# ProbitRegression

## Contents

A probit model relates a continuous vector of dependent measurements to the probability of a binomial (i.e. 0,1-valued) outcome. In econometrics, this model is sometimes called the Harvard model. The ProbitRegression function infers the coefficients of the model from a data set, where each point in the training set is classified as 0 or 1.

Probit regression is very similar to LogisticRegression. Both are used to fit a binomial outcome based on a vector of continuous dependent quantities. They differ in their use of the link function. For the relationship, see these Wikipedia articles on the Wikipedia Generalized Linear Model and the probit model.

## ProbitRegression(Y, B, I, K, priorType, priorDev)

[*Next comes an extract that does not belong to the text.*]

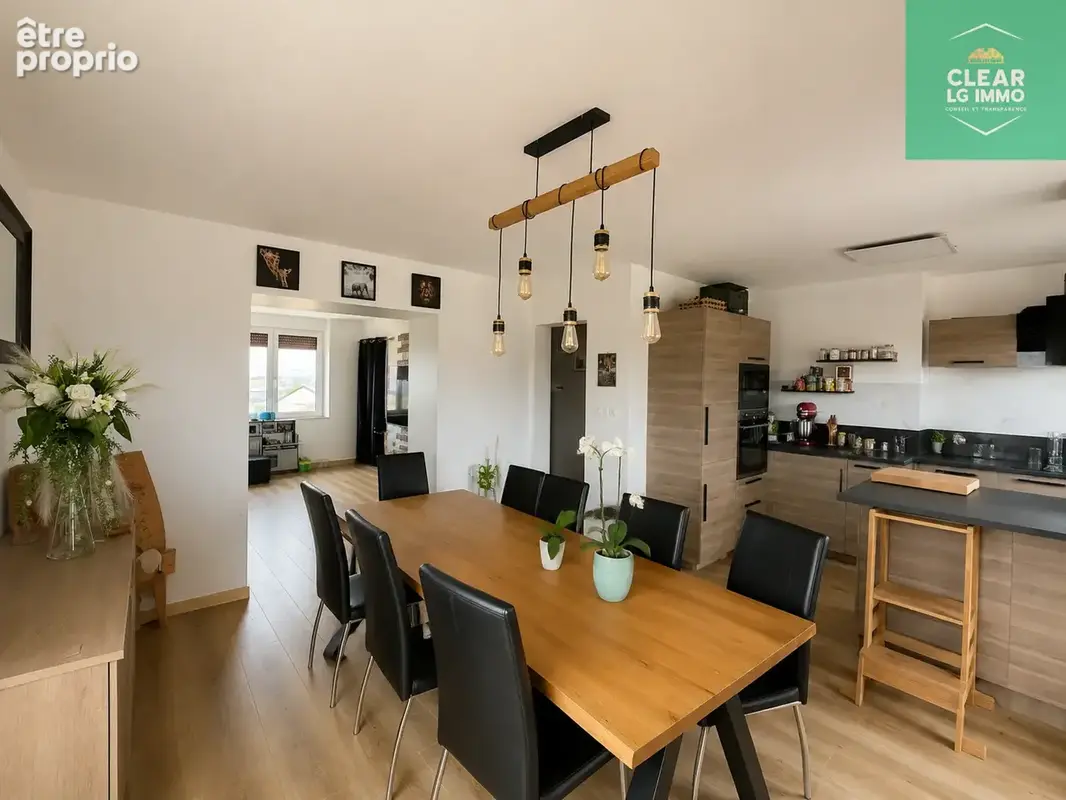 Appartement familial rénové de 109 m2 avec jardin, terrasse et garage - photo 6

Given a set of data points, indexed by «I», with each point classified as 0,1 in the «Y» parameter, and a set of basis terms, «B», containing the dependent variables (where the vector of dependent variables is indexed by «K»), the ProbitRegression function finds and returns the set of coefficients for the probit model:

$Pr(Y=1|B=b) = \Theta^{-1}\left(\sum_k c_k b_k\right)$

where $\Theta^{-1}$ is the inverse cumulative normal distribution function.

The basis, «B», is a function of the dependent variables in your data. Each element along «K» of the basis vector may be an arbitrary, even non-linear, combination of the data in your data set. However, the number of terms in the basis should be kept small relative to the number of data point in your data set.

## Bayesian Prior

The procedure that fits a logistic regression to data is extremely susceptible to overfitting, and when overfitting occurs, you end up with a model that is too overconfident in its predictions. When logistic regression models overfit the data, they tend to output probabilities very close to 0% and 100% when presented with new data points, when such confidence is unwarranted. This problem is circumvented by using a Bayesian prior, which can also viewed as a penalty function for coefficients.

The «priorType» parameter allows you to select a Bayesian prior. The allowed values are

• 0: Maximum likelihood (i.e., no prior)
• 1: Exponential L1 prior
• 2: Normal L2 prior

The L1 and L2 priors impose a penalty for larger coefficient values, imposing a bias to keep coefficients small. Each imposes a prior probability distribution over the possible coefficient values, independently for each coefficient. The L1 prior takes the shape of an exponential curve, while the L2 prior takes the shape of a normal curve. There is no obvious reason for knowing whether an L1 or L2 would be better for your particular problem, and most likely that choice won't matter much.

The more important component of the prior is the «priorDev», which specifies the standard deviation of the prior -- i.e., how quickly the prior probability falls off. Larger values of «priorDev» correspond to a weaker prior. If you don't specify «priorDev», a guess is made by the function, which will typically be based on very little information. Cross-validation approaches can use the «priorDev» parameter to determine the best prior strength for a problem (see the Logistic Regression prior selection.ana example model in the Data Analysis folder in Analytica for an example).

Weaker priors will almost always result in a better fit on training data (and maximum likelihood should outperform any prior), but on a examples that don't appear in the training set, the performance can be quite a bit different. Typically, performance on new data will improve with weaker priors only up to a point, and then it will degrade and the prior is weakened further. The degradation is from the overfitting phenomena. These effects are observable in the following log-likelihood graph showing the performance on the training set and on a test set by ProbitRegression with an L2 prior. As you move to the right on the x-axis, the prior is getting weaker (this is the Breast Cancer data set, the graph is from the Logistic Regression prior selection.ana model).

## Example

Suppose you want to predict the probability that a particular treatment for diabetes is effective given several lab test results. Data is collected for patients who have undergone the treatment, as follows, where the variable Test_results contains lab test data and Treatment_effective is set to 0 or 1 depending on whether the treatment was effective or not for that patient:

Using the data directly as the regression basis, the logistic regression coefficients are computed using:

Variable c := ProbitRegression(Treatment_effective, Test_results, Patient_ID, Lab_test)

We can obtain the predicted probability for each patient in this testing set using:

Variable Prob_Effective := CumNormal(Sum(c*Test_results, Lab_Test))

If we have lab tests for a new patient, say New_Patient_Tests, in the form of a vector indexed by Lab_Test, we can predict the probability that treatment will be effective using:

CumNormal(Sum(c*New_patient_tests, Lab_test))

See the example for LogisticRegression for a further elaboration of this example, with additional notes on potential over-fitting problems that are common with this type of data analysis.

## History

ProbitRegression is new to Analytica 4.5.

In releases before 4.5, the Probit_Regression function is available to Analytica Optimizer users. The function here supersedes that function and does not require the Optimizer edition.